[INPUT DATA]

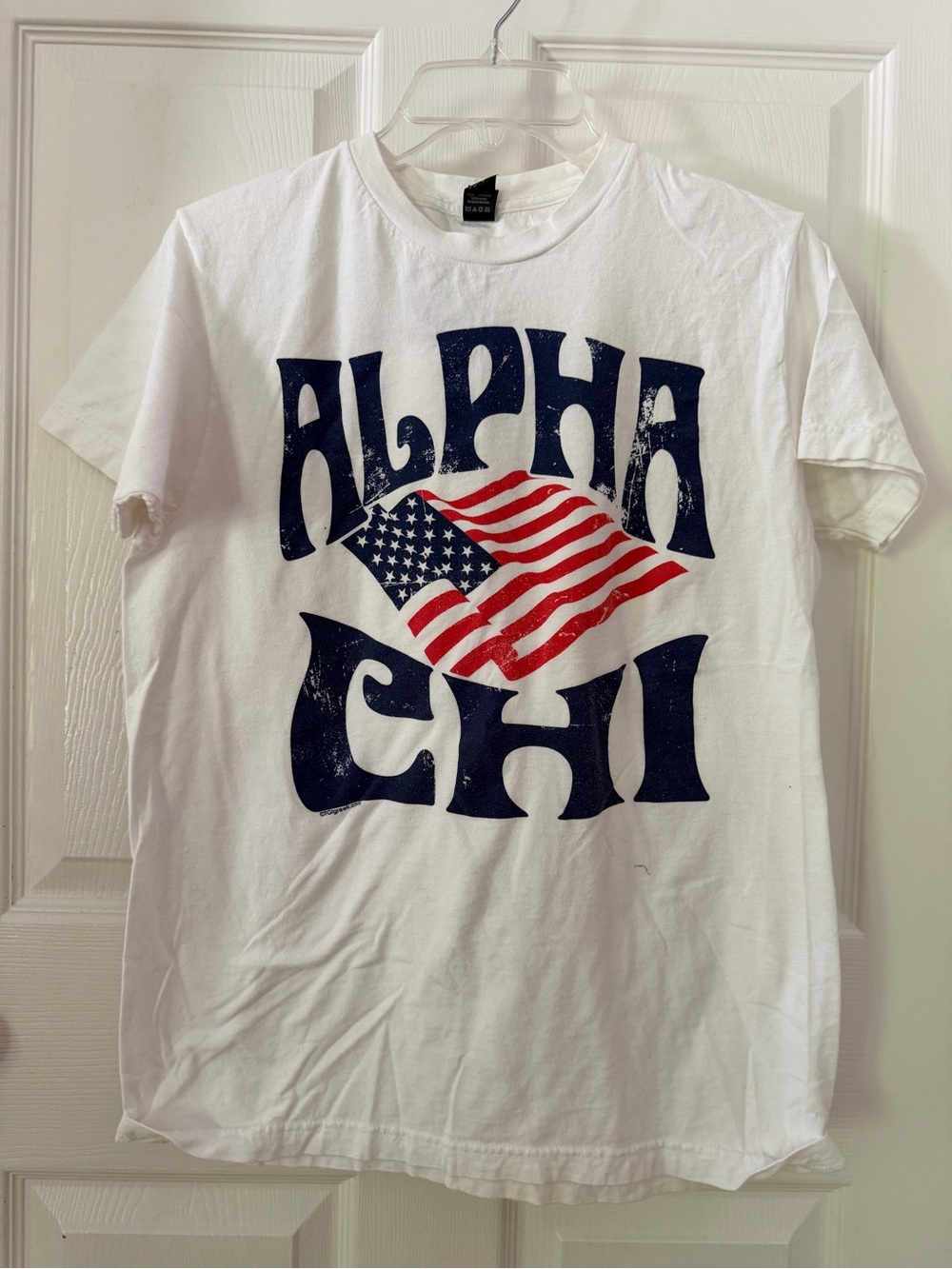 Alpha Chi Omega Graphic Tee with American Flag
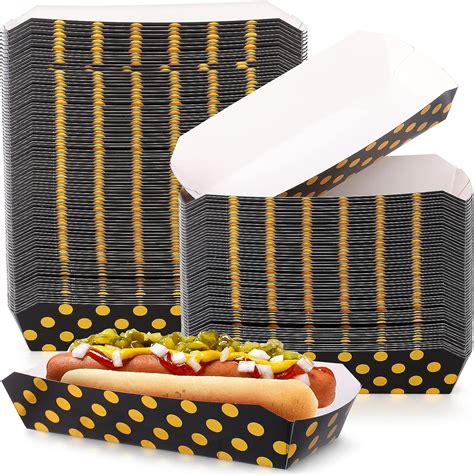 Amazon.com: Colarr 150 Pcs 2 Lb Gold Dots Paper Hot Dog Trays 7 Inch ...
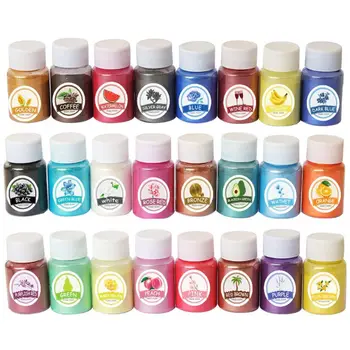 24 Farver, Glimmer Mineral Pulver Epoxy Harpiks Pigment Perlemors Pigment Naturlige Glimmer Farvestof Sæbe Makeup, Smykker At Gøre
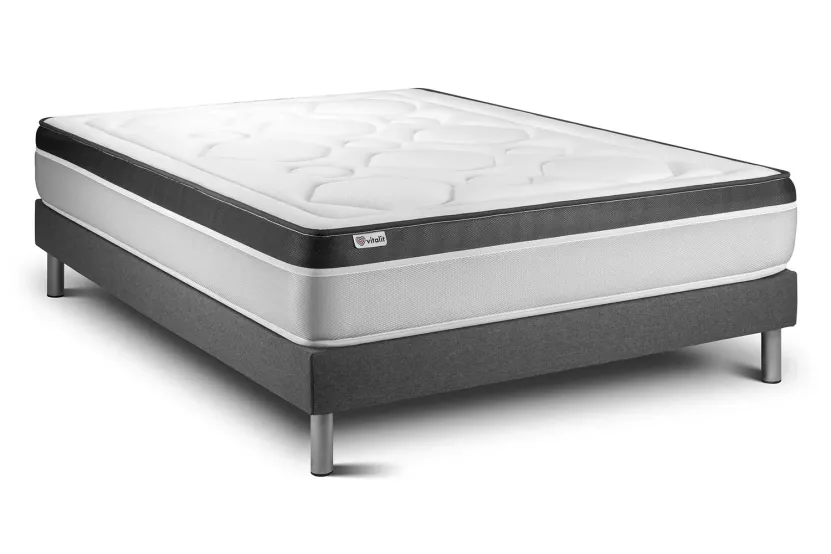 Ensemble Matelas Sommier 180x220 cm - Sommier Gris (en kit) - Vital Ergo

[/INPUT DATA]

_BRIEF:_ Exclude every picture and restate the listing word for word.

_EXERCISE ANSWER:_
 Alpha Chi Omega Graphic Tee with American Flag
 Amazon.com: Colarr 150 Pcs 2 Lb Gold Dots Paper Hot Dog Trays 7 Inch ...
 24 Farver, Glimmer Mineral Pulver Epoxy Harpiks Pigment Perlemors Pigment Naturlige Glimmer Farvestof Sæbe Makeup, Smykker At Gøre
 Ensemble Matelas Sommier 180x220 cm - Sommier Gris (en kit) - Vital Ergo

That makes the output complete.